It's been an unpredictable start to the Premier League season all round, but that's true of Liverpool more than most. A solid opening day win followed by a toothless performance against Man City. The trashing of Spurs, followed by defeats to Aston Villa and West Ham.
They now lie in the bottom half, with just six points out of 15 possible. Before the season, Brendan Rodgers was talking the side up as title challengers, so what's gone wrong?
For a start, the fact that they've continued their dreadful defensive performances from last season hasn't helped - there are only four teams in the entire league who have conceded more goals this term than Liverpool's eight from five games.
Injuries to Glen Johnson and Jon Flanagan haven't helped matters, but the main problem is, once again, the lack of a quality centre-back pairing. New signing Dejan Lovren can't do it all by himself.
Another unfortunate hinderance is that Steven Gerrard is now really starting to show his age. Despite what Rodgers may say, there must now be some internal concerns over the captain, and it's probably time to start resting him far more often, bringing someone like Emre Can in to stabilise in front of the back four.
With or without Gerrard though, Liverpool's midfield is still having a tough time of it. This is a trickier one to explain, because by rights they should be performing - there's a lot of good players in that midfield, Jordan Henderson and Lucas among them.
So what's the problem there?
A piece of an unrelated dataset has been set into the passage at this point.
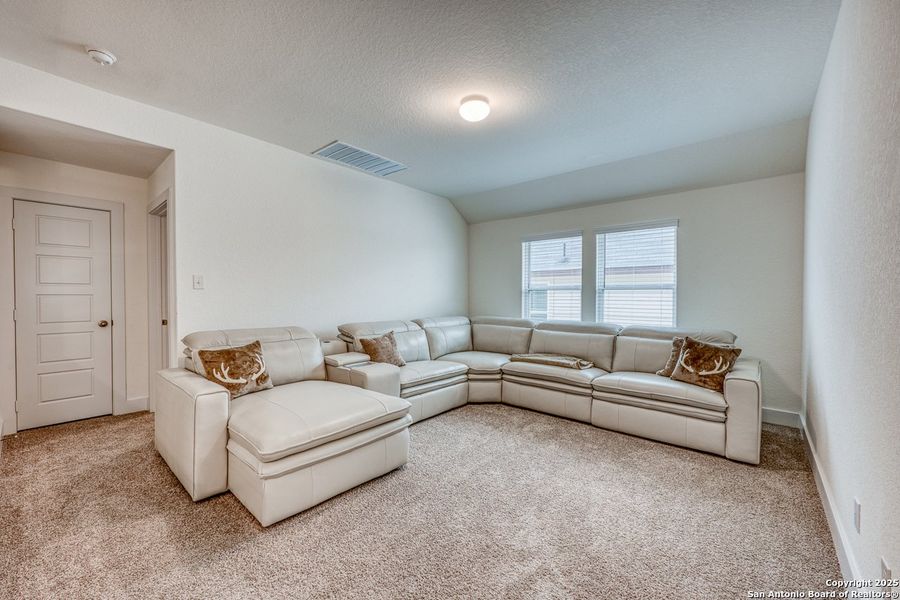 Furnished interior view inside a new home in Hunters Ranch, San Antonio (Image 19). Furnished interior view inside a new home in Hunters Ranch, San Antonio (Image 19).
Well, it could be the current Liverpool staple - not enough depth - but that makes a weak excuse after they spent over £100million on a plethora of players this summer, which allows us a neat segue into the next problem.
Brendan Rodgers was bad in the transfer market this summer. Not apocalyptically bad, but he failed to properly address the areas he needed to improve while simultaneously overpaying for players that the squad might have survived without.
For example - and it feels unfair to pick on him because he's a hard worker who deserves the opportunities he's got, but he embodies this perfectly - Adam Lallana isn't a £25million player in any sane world. Not when Cesc Fabregas cost Chelsea just £5million more. Especially not when Liverpool already have a host of players who can play a similar role as Lallana, to a similar level. Poor guy's only played twice this season.
What did Liverpool actually need? Another centre back and a top-class striker to replace Luis Suarez, for a start. And to pre-emptively silence any dissenters - Mario Balotelli isn't a top class striker. He's a decent player, but he's not a replacement for Suarez. Alexis Sanchez could've been. Angel Di Maria, Falcao, even Mario Mandzukic would've been closer to the mark. All of them were available this summer.
And now we near the hub of Liverpool's biggest problem. Their talisman is gone, and they seem a little adrift without his ability to bail them out. Last year, their defensive frailties didn't matter too much because Suarez would be on hand to bang in even more goals than they let in.
He was directly involved in 43 league goals last season (31 goals and 12 assists, if you're counting), and that's hard to replace. Daniel Sturridge looks lost without his hunting partner too, chipping in with just the single goal in the three games he played before his injury.
Whether or not they should've fought harder to keep hold of Suarez - which to be fair, seemed like a lost cause - is a pointless argument now. What matters now is how Liverpool will deal with his loss. The answer, so far, is 'badly'.
The way Liverpool are headed at the moment, it's entirely possible that they'll be left to scrap it out with Manchester United for the last place in the top six, which would be a rather painful comedown after their title challenge last season.